Make updateCollation.php a bit less murderous for WMF databases:
authorRoan Kattouw <catrope@users.mediawiki.org>
Tue, 8 Mar 2011 16:47:26 +0000 (16:47 +0000)
committerRoan Kattouw <catrope@users.mediawiki.org>
Tue, 8 Mar 2011 16:47:26 +0000 (16:47 +0000)
* Don't run a COUNT(*) query on what's potentially the entire categorylinks table on enwiki (hundreds of millions of rows). Put it in a miser mode check
* Wait for DB replication to catch up before processing the next batch. Implemented LoadBalancer::waitAll() for this purpose, which should behave more nicely than wfWaitForSlaves()

includes/db/LoadBalancer.php
maintenance/updateCollation.php

index 847d834..5f2af19 100644 (file)
@@ -338,6 +338,18 @@ class LoadBalancer {
                }
                wfProfileOut( __METHOD__ );
        }
+       
+       /**
+        * Set the master wait position and wait for ALL slaves to catch up to it
+        */
+       public function waitForAll( $pos ) {
+               wfProfileIn( __METHOD__ );
+               $this->mWaitForPos = $pos;
+               for ( $i = 1; $i < count( $this->mServers ); $i++ ) {
+                       $this->doWait( $i );
+               }
+               wfProfileOut( __METHOD__ );
+       }
 
        /**
         * Get any open connection to a given server index, local or foreign
index 2985add..6631557 100644 (file)
@@ -45,9 +45,16 @@ TEXT;
                $this->addOption( 'force', 'Run on all rows, even if the collation is ' . 

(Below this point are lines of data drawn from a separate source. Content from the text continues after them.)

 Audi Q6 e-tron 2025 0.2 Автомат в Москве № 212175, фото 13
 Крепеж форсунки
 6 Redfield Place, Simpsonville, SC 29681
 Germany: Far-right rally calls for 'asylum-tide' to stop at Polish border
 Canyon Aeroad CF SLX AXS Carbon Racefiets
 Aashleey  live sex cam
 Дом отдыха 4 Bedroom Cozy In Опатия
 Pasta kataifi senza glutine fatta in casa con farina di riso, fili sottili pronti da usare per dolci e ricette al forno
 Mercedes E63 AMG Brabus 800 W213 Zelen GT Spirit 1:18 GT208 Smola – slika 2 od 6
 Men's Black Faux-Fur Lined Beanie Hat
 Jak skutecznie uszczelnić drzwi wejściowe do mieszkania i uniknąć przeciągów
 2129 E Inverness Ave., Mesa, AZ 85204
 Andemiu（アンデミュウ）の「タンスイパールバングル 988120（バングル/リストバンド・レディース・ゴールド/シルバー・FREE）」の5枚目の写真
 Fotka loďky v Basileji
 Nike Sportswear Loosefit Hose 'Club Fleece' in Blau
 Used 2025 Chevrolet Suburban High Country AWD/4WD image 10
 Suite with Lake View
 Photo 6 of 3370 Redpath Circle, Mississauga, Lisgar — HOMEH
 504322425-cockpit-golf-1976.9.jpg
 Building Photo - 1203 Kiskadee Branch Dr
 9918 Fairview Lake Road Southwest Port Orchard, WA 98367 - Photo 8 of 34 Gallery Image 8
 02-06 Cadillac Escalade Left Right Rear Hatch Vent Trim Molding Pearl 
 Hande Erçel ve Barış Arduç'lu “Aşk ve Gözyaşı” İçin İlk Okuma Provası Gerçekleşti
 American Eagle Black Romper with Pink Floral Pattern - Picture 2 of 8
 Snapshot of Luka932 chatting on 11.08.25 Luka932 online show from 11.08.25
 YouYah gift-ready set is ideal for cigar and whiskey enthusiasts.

                        'supposed to be up-to-date.' );
        }
+       
+       public function syncDBs() {
+               $lb = wfGetLB();
+               $dbw = $lb->getConnection( DB_MASTER );
+               $pos = $dbw->getMasterPos();
+               $lb->waitForAll( $pos );
+       }
 
        public function execute() {
-               global $wgCategoryCollation;
+               global $wgCategoryCollation, $wgMiserMode;
 
                $dbw = wfGetDB( DB_MASTER );
                $force = $this->getOption( 'force' );
@@ -55,30 +62,32 @@ TEXT;
                $options = array( 'LIMIT' => self::BATCH_SIZE );
 
                if ( $force ) {
-                       $collationConds = array();
                        $options['ORDER BY'] = 'cl_from, cl_to';
                } else {
                        $collationConds = array( 0 => 
                                'cl_collation != ' . $dbw->addQuotes( $wgCategoryCollation ) );
 
-                       $count = $dbw->selectField(
-                               'categorylinks',
-                               'COUNT(*)',
-                               $collationConds,
-                               __METHOD__
-                       );
+                       if ( !$wgMiserMode ) {
+                               $count = $dbw->selectField(
+                                       'categorylinks',
+                                       'COUNT(*)',
+                                       $collationConds,
+                                       __METHOD__
+                               );
 
-                       if ( $count == 0 ) {
-                               $this->output( "Collations up-to-date.\n" );
-                               return;
+                               if ( $count == 0 ) {
+                                       $this->output( "Collations up-to-date.\n" );
+                                       return;
+                               }
+                               $this->output( "Fixing collation for $count rows.\n" );
                        }
-                       $this->output( "Fixing collation for $count rows.\n" );
                }
 
                $count = 0;
                $row = false;
                $batchConds = array();
                do {
+                       $this->output( 'Processing next ' . self::BATCH_SIZE . ' rows... ');
                        $res = $dbw->select(
                                array( 'categorylinks', 'page' ),
                                array( 'cl_from', 'cl_to', 'cl_sortkey_prefix', 'cl_collation',
@@ -140,6 +149,8 @@ TEXT;
 
                        $count += $res->numRows();
                        $this->output( "$count done.\n" );
+                       
+                       $this->syncDBs();
                } while ( $res->numRows() == self::BATCH_SIZE );
        }
 }